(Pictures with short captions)
◇ ◇ ◇ ◇ ◇ ◇ ◇

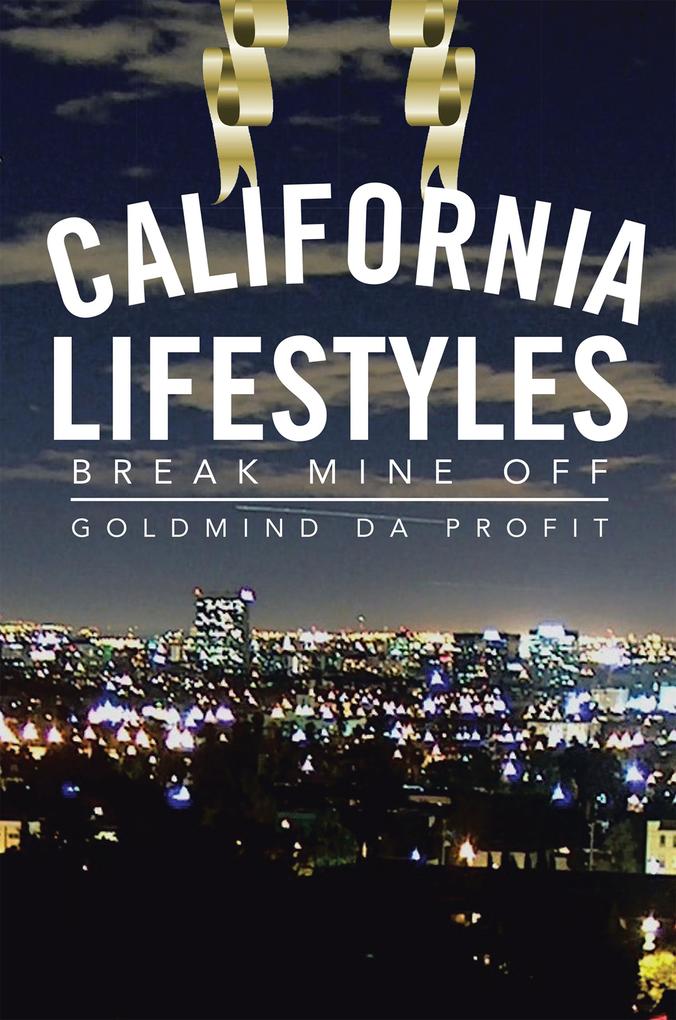 California Lifestyles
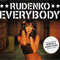 Rudenko - Everybody (Remixes)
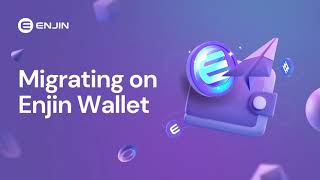 Migrating on Enjin Wallet [upl. by Aketahs]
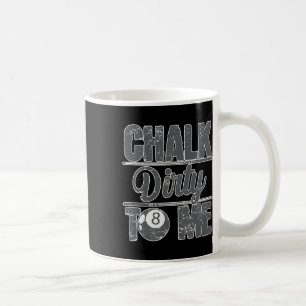 Taza De Café Chalk Dirty To Me Billiards 8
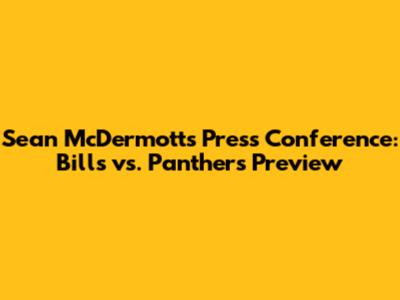 Sean McDermott's Press Conference: Bills vs. Panthers Preview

◇ ◇ ◇ ◇ ◇ ◇ ◇

Copy the records exactly as they appear, excluding images.

* Result for this exercise *
 California Lifestyles
 Rudenko - Everybody (Remixes)
 Migrating on Enjin Wallet [upl. by Aketahs]
 Taza De Café Chalk Dirty To Me Billiards 8
 Sean McDermott's Press Conference: Bills vs. Panthers Preview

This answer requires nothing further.